Our most popular post of 2018 – was published in 2017. But at least it was about 2018. Dave, a regular and popular speaker at NEXT, did his normal excellent jobs of identifying five practical trends that could influence actual day-to-day strategic management of a company. This post in many ways sums up what we try to make the NEXT blog about – information that can shape the way you do business – and so it’s great to see it topping the charts for the year.

2. The Dopamine Loop is Dead. Long Live the Experience Loop!

(2018, Martin Recke)

Martin’s deeply-researched piece explored what could lay beyond today’s platforms and their obsession with tapping into the brain’s reward centres to trigger user addiction. Again, a hugely useful piece that can inform people’s thinking for years to come – I would not be surprised to see this in the top 10 next year.

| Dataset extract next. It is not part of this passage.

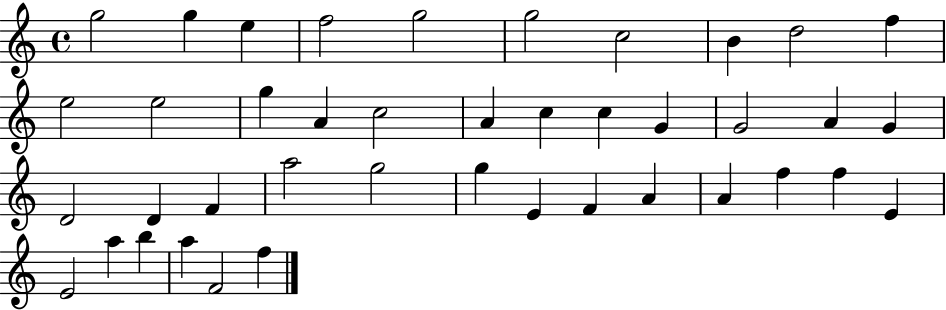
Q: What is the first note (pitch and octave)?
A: G5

3. Digital Fix – Fix Digital 

(2018, Martin Recke)

The piece that both heralded and explain the theme of NEXT18. Frankly, I’d be worried if it wasn’t high up the rankings for the year – and it is! I particularly enjoyed the way Martin threaded the topics of the previous two years of NEXT, giving us context for the year’s discussions.

4. What is Post-Digital?

(2012, Adam Tinworth)

Finally, I get on the leaderboard — and it’s one of the very first pieces I wrote for the blog. Post-digital was the theme of NEXT12, and explored the idea of the world when digital is something assumed, rather than something we actively think about. Even six years on, we’re not quite in the true post-digital age – and in some ways I feel like the rocky patch we’ve been through in 2018 was the death throes of the digital age. Maybe in 2019, we’ll finally get to the post-digital world. Nice to see something I wrote so long ago still delivering value to people.

5. A phrase you should know: “ludic loop”

(2017, Adam Tinworth) 

I’m not surprised to see this doing so well. With Facebook and the other social platforms under so much scrutiny in 2018, this idea — the ludic loop — is critical to understanding how they hook and keep users. In many ways this is a predecessor to Martin’s experience loop piece  that sits at number 2. That’s healthy – it shows that interest is moving beyond this powerful but damaging engagement technique.

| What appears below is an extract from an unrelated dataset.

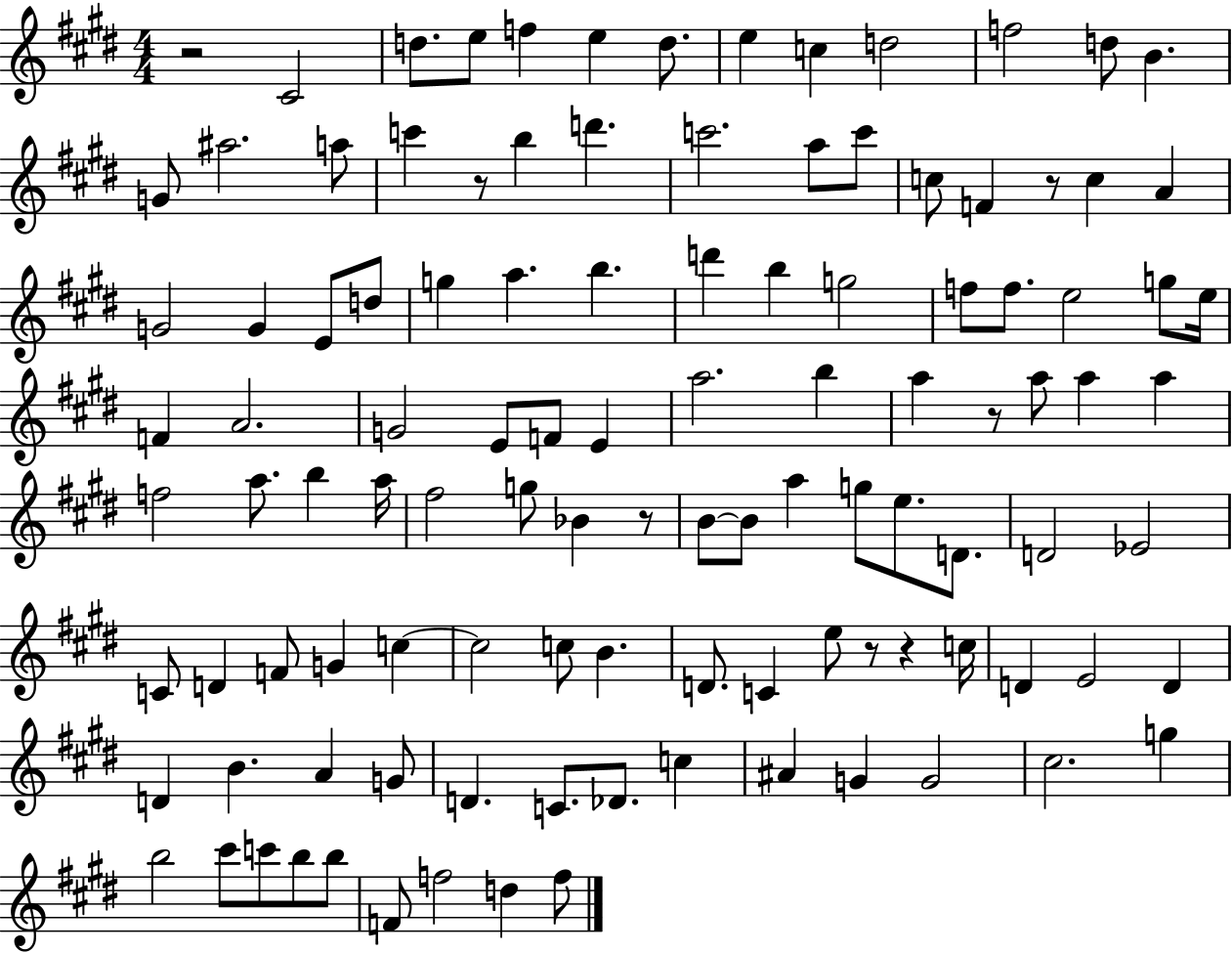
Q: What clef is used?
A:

6. From UX and CX to HX: The Human Experience

(2017, Martin Recke)

Another deeply-researched piece from Martin, looking at the growth of the idea of “Human Experience” – a more holistic approach to human interaction with digital product, one born of the understanding that users and customers are often different, and only part of the picture. It’s a piece that does well from search, for obvious reasons.

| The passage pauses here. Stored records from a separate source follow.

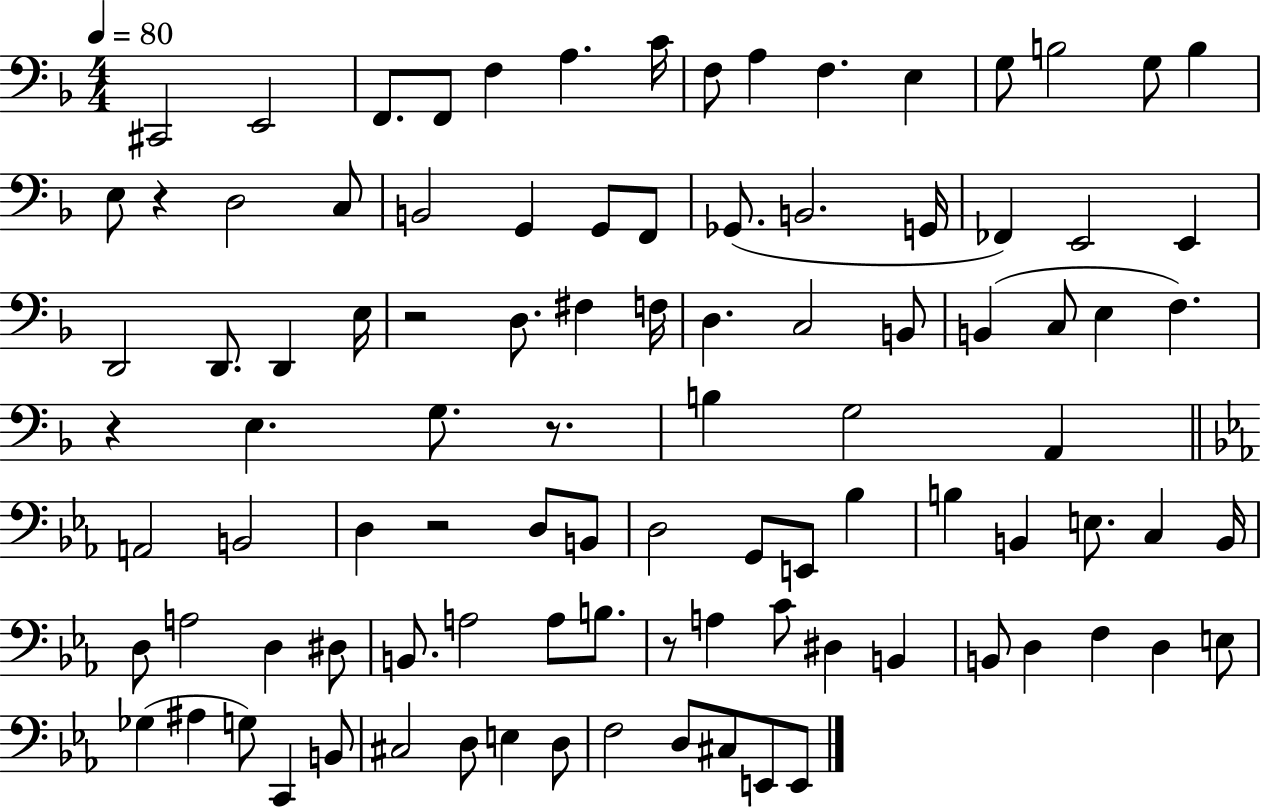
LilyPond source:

{
  \clef bass
  \numericTimeSignature
  \time 4/4
  \key f \major
  \tempo 4 = 80
  cis,2 e,2 | f,8. f,8 f4 a4. c'16 | f8 a4 f4. e4 | g8 b2 g8 b4 | \break e8 r4 d2 c8 | b,2 g,4 g,8 f,8 | ges,8.( b,2. g,16 | fes,4) e,2 e,4 | \break d,2 d,8. d,4 e16 | r2 d8. fis4 f16 | d4. c2 b,8 | b,4( c8 e4 f4.) | \break r4 e4. g8. r8. | b4 g2 a,4 | \bar "||" \break \key ees \major a,2 b,2 | d4 r2 d8 b,8 | d2 g,8 e,8 bes4 | b4 b,4 e8. c4 b,16 | \break d8 a2 d4 dis8 | b,8. a2 a8 b8. | r8 a4 c'8 dis4 b,4 | b,8 d4 f4 d4 e8 | \break ges4( ais4 g8) c,4 b,8 | cis2 d8 e4 d8 | f2 d8 cis8 e,8 e,8 | \bar "|."
}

7. What is Digital Humanism? 

(2017, Martin Recke)

Martin had a great late 2017 in terms of putting out posts that delivered readers over a long period. Rereading this one really made me think he hit on an issue we should have spent more time thinking about. This topic is ripe for re-examination in the light of everything we learnt in 2018.

8. An Immersive Experience that doesn’t suck

(2017, Martin Recke)

Completing Martin’s “Late 2017 trilogy” is a piece putting some context around the current augmented reality / virtual reality / mixed reality hype. 2018 was yet another year where the reality failed to live up to the hype, and 2019 looks to be much the same. Martin identified a key point – that this market needs an experience story, not merely a technology one. And until that’s hammered out, this will remain the land of unfulfilled potential.

9. What does it mean to be AI-first?

(2017, Adam Tinworth) 

This piece feels like it was almost a year too early. I have already suggested that 2019 might be the year that AI (and machine learning in particular) infuses more and more of technology. The news that Apple now has a VP of AI just reinforces that. The thought processes that led to those predictions started a year ago with this piece.

10. Product Thinking: Why you should think in products

(2017, Martin Recke)

Another gem from Martin, this time focusing on the other side of the company/customer interface – the product itself.


It’s interesting to note that only two 2018-written posts made it into the top 10. There’s a whole bunch of them lurking just outside the top zone, though, and I’ll explore them in post early in 2019.